#### YOUR ASSIGNMENT:
Would you give back exactly the lines from the line with "レディース シャツ ビジネス" through the end of the entries below, both included, but none of the pictures?

Stored data entries:
------------------------------------------------
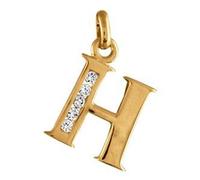 Pendentif Plaqué Or - 1001 BIJOUX - Initiale H - Femme - Doré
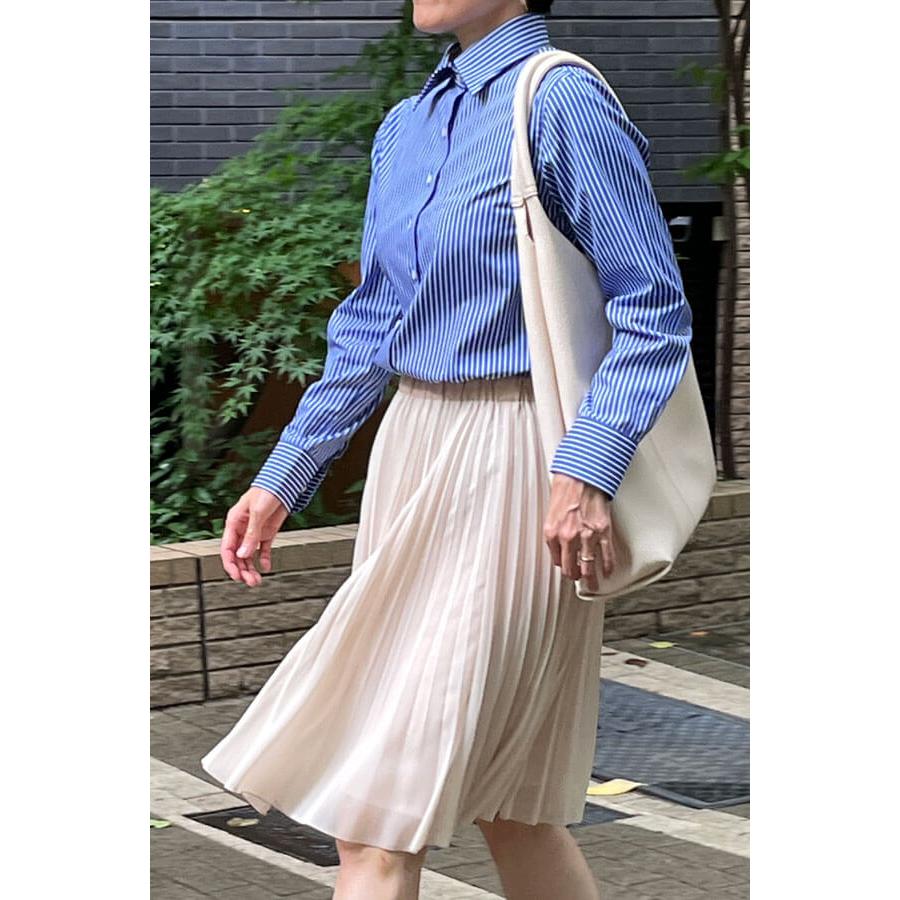 レディース シャツ ビジネス ワイシャツ ブラウス 長袖 ワイドカラー 青 ナチュラルフィット トップス おしゃれ ブロード | ozie | 10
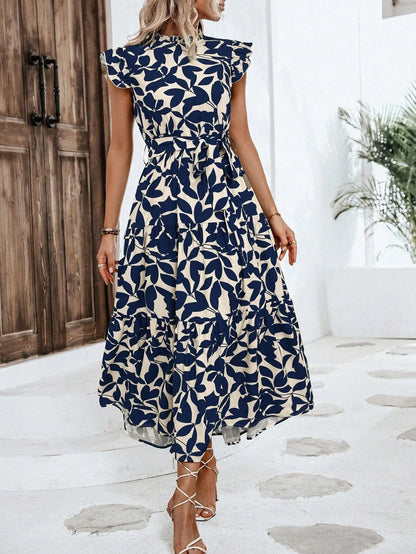 Elegant Women's Flower Midi Dress New Summer Fashion Stand Collar Flying Sleeve Lace Up Dress Casual Beach Holiday Dresses Robe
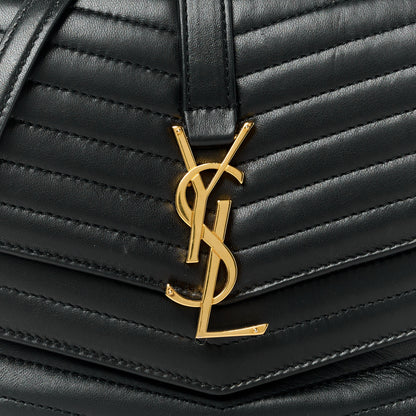 Saint Laurent Lambskin Matelasse Chevron Monogram Small Sulpice Bag Black 10 of 14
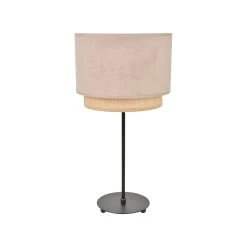 Corep Lampe En Raphia Et Velour H50cm Sable - Boheme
------------------------------------------------
#### RESULT:
 レディース シャツ ビジネス ワイシャツ ブラウス 長袖 ワイドカラー 青 ナチュラルフィット トップス おしゃれ ブロード | ozie | 10
 Elegant Women's Flower Midi Dress New Summer Fashion Stand Collar Flying Sleeve Lace Up Dress Casual Beach Holiday Dresses Robe
 Saint Laurent Lambskin Matelasse Chevron Monogram Small Sulpice Bag Black 10 of 14
 Corep Lampe En Raphia Et Velour H50cm Sable - Boheme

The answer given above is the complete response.